The album, produced sparingly by Michael Timmins of the Cowboy Junkies, makes full use of the panoply of musical styles native to Louisiana, from the aching French waltz of the title track and the jaunty two-step of “Goodbye” to the gospel circus-inflected R&B of “Sideshow” and the haunted folk balladry of “Another Day Borrowed.”
The depths with which she explores the many facets of what she calls “the adoption triad” — the parents who place children for adoption, those who adopt them and the adoptees themselves — sets her up to be a poster child for adoption, a role she’s ready to accept, but only to an extent.
“Here’s what I do best: I tell stories, and my work has been to tell this story,” said Gauthier. “If I were to have to go on talk shows and talk the politics of whether birth records should be open in this country, I would not be that good at it. There are people who do that really well.

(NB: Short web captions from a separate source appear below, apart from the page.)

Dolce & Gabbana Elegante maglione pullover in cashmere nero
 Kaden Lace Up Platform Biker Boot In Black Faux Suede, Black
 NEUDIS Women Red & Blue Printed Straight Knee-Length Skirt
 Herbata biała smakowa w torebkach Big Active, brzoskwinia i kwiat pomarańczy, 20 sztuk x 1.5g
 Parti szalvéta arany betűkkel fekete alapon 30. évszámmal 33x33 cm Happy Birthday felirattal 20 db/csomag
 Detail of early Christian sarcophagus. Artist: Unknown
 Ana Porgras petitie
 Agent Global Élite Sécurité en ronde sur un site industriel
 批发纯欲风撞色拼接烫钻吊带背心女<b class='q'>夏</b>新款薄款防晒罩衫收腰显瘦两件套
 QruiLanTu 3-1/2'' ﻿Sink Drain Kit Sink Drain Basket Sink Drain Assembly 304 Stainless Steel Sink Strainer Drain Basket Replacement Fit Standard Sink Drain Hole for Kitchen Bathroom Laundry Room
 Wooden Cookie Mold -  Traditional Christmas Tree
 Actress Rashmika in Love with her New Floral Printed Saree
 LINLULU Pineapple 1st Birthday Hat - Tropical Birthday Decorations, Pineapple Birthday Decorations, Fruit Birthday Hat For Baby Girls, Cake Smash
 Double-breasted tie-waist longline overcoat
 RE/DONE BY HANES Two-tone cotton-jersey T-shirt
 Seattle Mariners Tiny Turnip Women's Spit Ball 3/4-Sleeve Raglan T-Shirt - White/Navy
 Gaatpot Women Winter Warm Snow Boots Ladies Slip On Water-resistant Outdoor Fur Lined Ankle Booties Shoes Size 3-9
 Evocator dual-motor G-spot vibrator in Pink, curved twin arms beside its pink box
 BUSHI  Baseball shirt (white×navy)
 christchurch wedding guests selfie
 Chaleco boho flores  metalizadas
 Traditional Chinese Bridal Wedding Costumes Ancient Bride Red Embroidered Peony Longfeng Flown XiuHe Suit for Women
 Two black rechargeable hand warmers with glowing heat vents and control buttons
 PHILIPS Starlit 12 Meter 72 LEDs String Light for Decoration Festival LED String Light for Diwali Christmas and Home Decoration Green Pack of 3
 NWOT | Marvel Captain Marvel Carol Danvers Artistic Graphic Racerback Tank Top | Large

I think I’m best suited to just tell the stories: Here’s what this feels like; here’s what happened to me.”
Doesn’t it just poke at old wounds to sing these songs night after night?
“There’s no pain in telling the story for me,” she said, adding with a chuckle: “The pain was in living the story. But I’ve survived, so telling it is liberating and healing … . I don’t want to sound too woo-woo about it, but there is something healing in telling your stories to compassionate listeners. I find it very helpful.”